Q: “Jack, how I can learn to evaluate advertising’s creative content.”
A: First, a quick summary. We want to think about how to send the right selling message using the right media channel to reach the right customer group.
This statement generates several other questions.
When and where are customers most receptive to our selling message? That answer helps us decide where to advertise (geography), when to advertise (timing), and what media channels to use (media mix).
What stimulates creation of the right selling message? Start with a creative person. One who has an intimate understanding of the target customer and a well-defined creative strategy.
The stumbling block for many marketers is evaluating creative content. Every seasoned copywriter knows a creative evaluation is more likely to be subjective than objective. Please smile, you know it’s true!
So, to make my point, please visualize this imaginary conversation about advertising between three great American humorists.
Bill Cosby observes wistfully, “The very first law in advertising is to avoid the concrete promise and cultivate the delightfully vague.” Will Rogers, with his pithy sense of humor, says his piece: “Advertising is the art of convincing people to spend money they don’t have for something they don’t need.”
Mark Twain, with his keen wit and a twinkle in his eye, reminds them, “Many a small thing has been made large by the right kind of advertising.” Could this conversation be the source of the original Creative ROI theory?
The Creative ROI tool uses the meaning of three words – relevancy, originality and integrity – to evaluate content of a selling message.
Relevancy asks, “Is there some sensible or logical connection to the product or service?” Originality questions, “Is there a distinctive characteristic of newness? Something not done before or not derived from anything else?” Integrity looks for a true reflection of the company or product core values.
Set aside some time soon to visit Advertising Age. Their Advertising Century Report is located at adage.com/century. Among its most meaningful contents are lists and articles outlining the 20th century’s top 100 advertising campaigns, top 10 jingles, slogans and advertising icons. Explore! Enjoy!
Yes, creative styles in advertising change over the years, but every marketer, copywriter, art director or digital expert can profit now by studying proven creative successes, whether today or many years ago.
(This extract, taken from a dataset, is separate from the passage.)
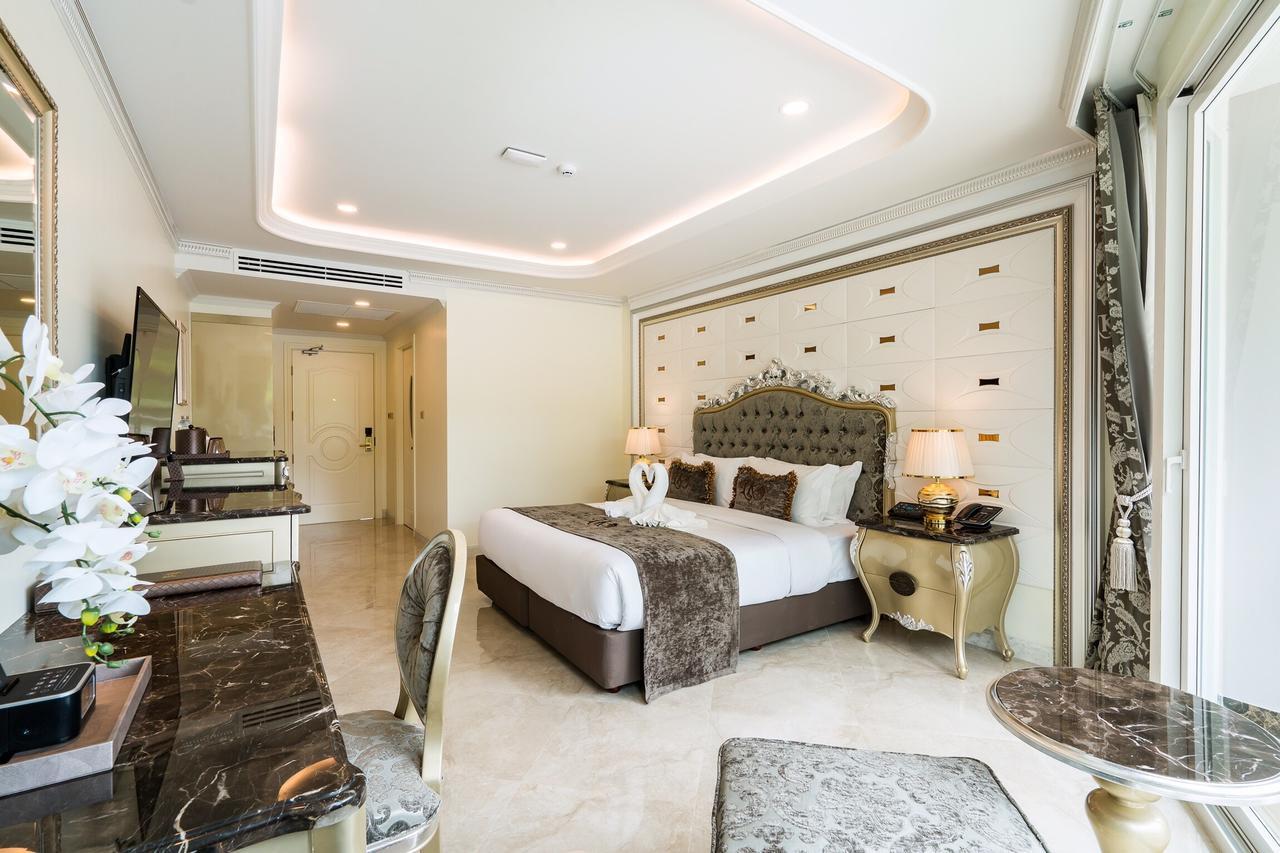 إل كاي إميرالد بيتش باتايا المظهر الخارجي الصورة Deluxe Room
I selected Bill Bernbach’s famous Volkswagen Beetle campaign to test the Creative ROI tool. (YouTube.com – search for Volkswagen “Think Small”)
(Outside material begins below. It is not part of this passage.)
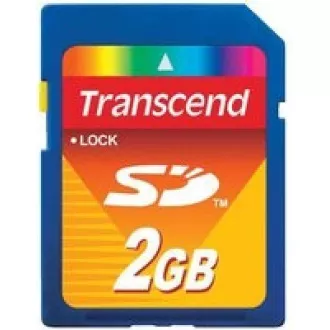 TRANSCEND kartica SD 2 GB (standardna)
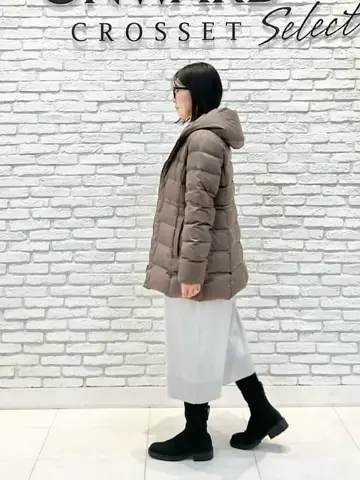 ONWARD CROSSET SELECT 東海林 コーディネート画像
“Think Small” and other self-deprecating headlines presented the Beetle in an offbeat manner and provided an opportunity to make things right with honest, explanatory body copy. Think small in terms of price and the efficiency of a non-gas guzzler.
Hindsight helped me give the Beetle ad a 5 star rating: It was highly relevant, original – even for today – and clearly reflective of Volkswagen’s integrity. Maybe that’s why they’re now using an adaptation of the original idea!
Please don’t think humor is an easy way to create a selling message. Actually it’s the most difficult! Prove it to yourself while you test the Creative ROI tool.
Visit veryfunnycommercials.com – a worldwide collection of humorous TV commercials. Each is rated for being funny – lots with 5 stars!
Try your hand. What rating will you award a five-star “laugh?” Use the Creative ROI tool to test for a powerful selling message. Go for it! You may be surprised!